◆ **Supplied information**
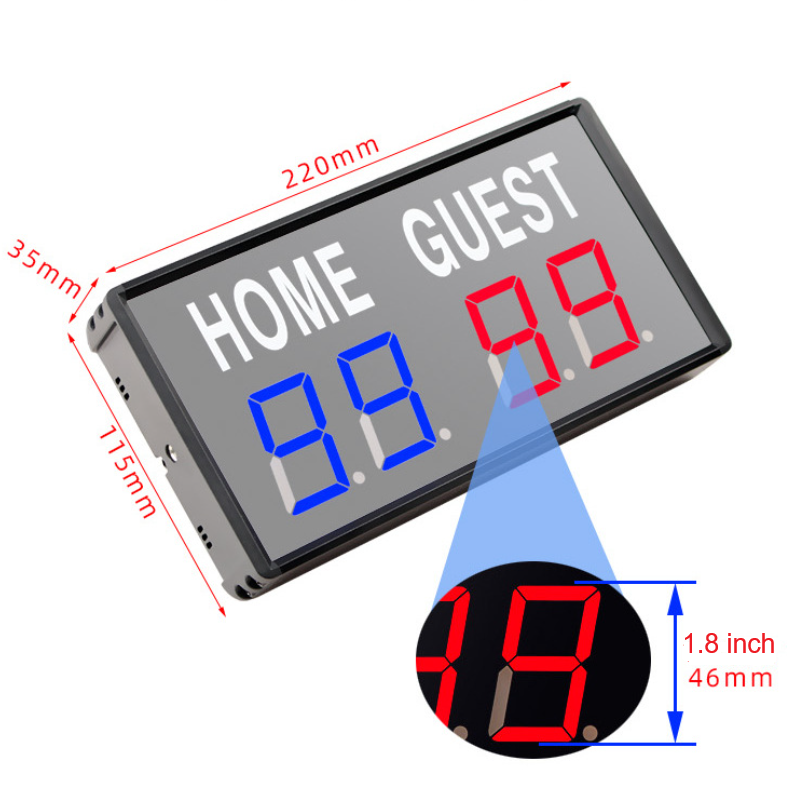 4-cyfrowy LED Elektroniczny Wy – Scoreboard Digital recenzja i cena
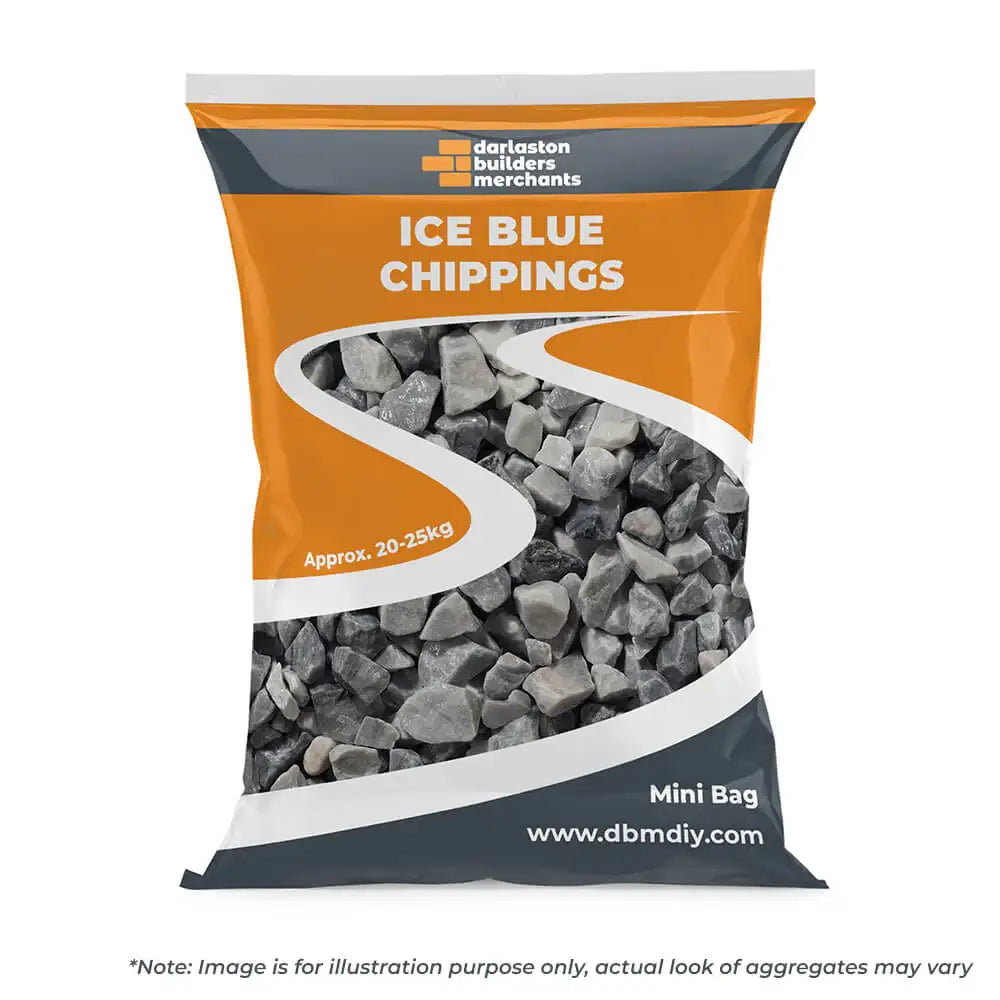20mm Ice Blue Chippings Maxi Bag 25kg Gravel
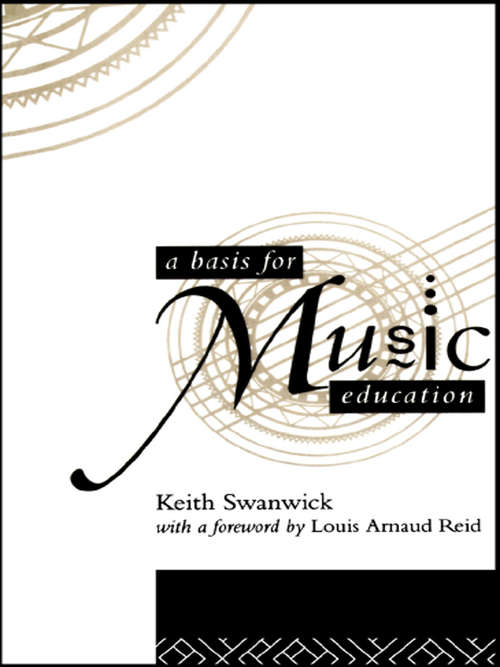 Book cover of A Basis for Music Education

◆ **How to complete this task**
Return the material as it stands. Leave out the pictures.

◆ **Final answer**
 4-cyfrowy LED Elektroniczny Wy – Scoreboard Digital recenzja i cena
20mm Ice Blue Chippings Maxi Bag 25kg Gravel
 Book cover of A Basis for Music Education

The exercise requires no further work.